Ex-EZB-Chefökonom - Ausstieg aus ultralockerem Kurs wird "extrem schwierig"

Reuters · Uhr

Frankfurt (Reuters) - Der ehemalige Chefvolkswirt der Europäischen Zentralbank (EZB), Peter Praet, rechnet mit einem sehr komplizierten Abschied aus der jahrelangen Krisenpolitik der Währungshüter.

"Ich glaube, der Ausstieg wird extrem schwierig", sagte er dem "Handelsblatt" in einem am Montag verbreiteten Interview. "Das könnte sich zum Beispiel im Jahr 2023 zeigen." Deswegen müsse man sich darauf früh genug vorbereiten. "Es ist nicht einfach, die Zinsen in einem Umfeld mit hoher Verschuldung zu erhöhen, wenn jeder erwartet, dass die Zinsen für immer niedrig bleiben." Damit die Geldpolitik glaubwürdig bleibe, müsse sie mögliche Zinserhöhungen vorbereiten und kommunizieren.

Die EZB hält ihren Leitzins seit fast fünf Jahren auf dem Rekordtief von 0,0 Prozent. Seit März 2015 erwirbt sie zudem mit Unterbrechung in großem Stil Staatsanleihen und andere Wertpapiere, um die Wirtschaft zu stützen. Im Zuge der Corona-Krise legte sie 2020 ein zusätzliches Notfall-Programm für Anleihen-Käufe auf. Das PEPP getaufte Programm ist inzwischen bereits das zweite Mal ausgeweitet worden - zuletzt im Dezember um 500 Milliarden Euro auf ein Volumen von 1,85 Billionen Euro.
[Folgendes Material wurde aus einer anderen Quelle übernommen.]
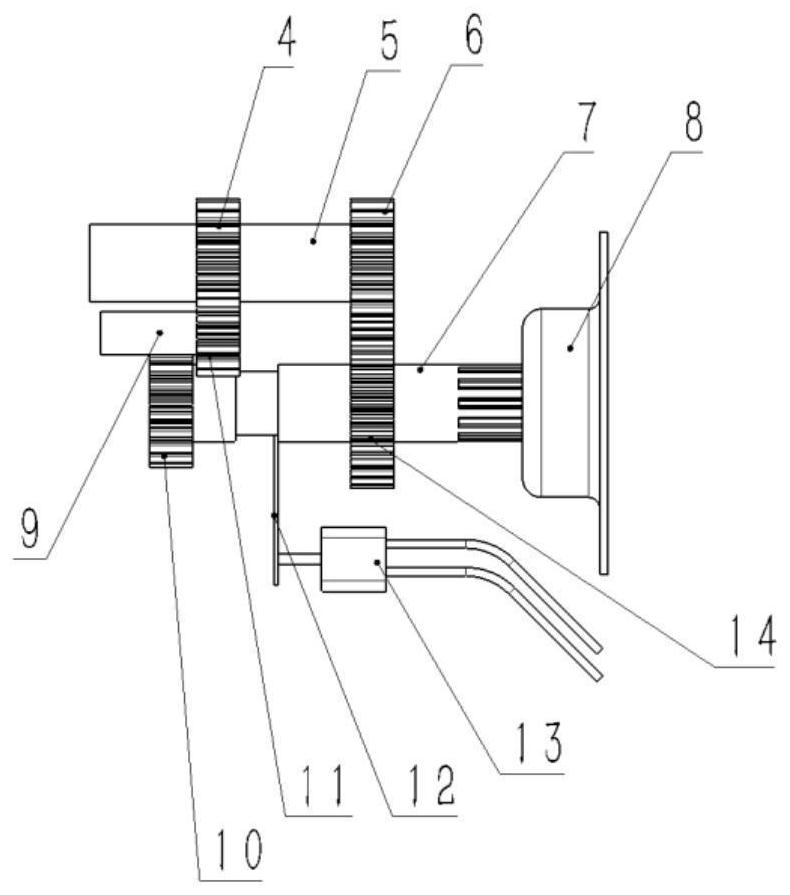 Automatic cleaning system and method for radiator of off-road vehicle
"Ich glaube, dass die EZB bisher alles richtig gemacht hat", sagte Praet. Die Zukunft bereite ihm aber Sorgen. Regierungen und Finanzmärkte müssten sich rechtzeitig auf steigende Zinsen einstellen - selbst wenn die Wahrscheinlichkeit gering sei. "Nach einer langen Zeit sehr niedriger Zinssätze können die Vermögenspreise überhöht und die Schulden zu hoch sein," sagte der Belgier. Praet war von 2011 bis 2019 Mitglied im Direktorium der EZB. Sein Nachfolger in der Position des Chefvolkswirts ist seit Juni 2019 der Ire Philip Lane.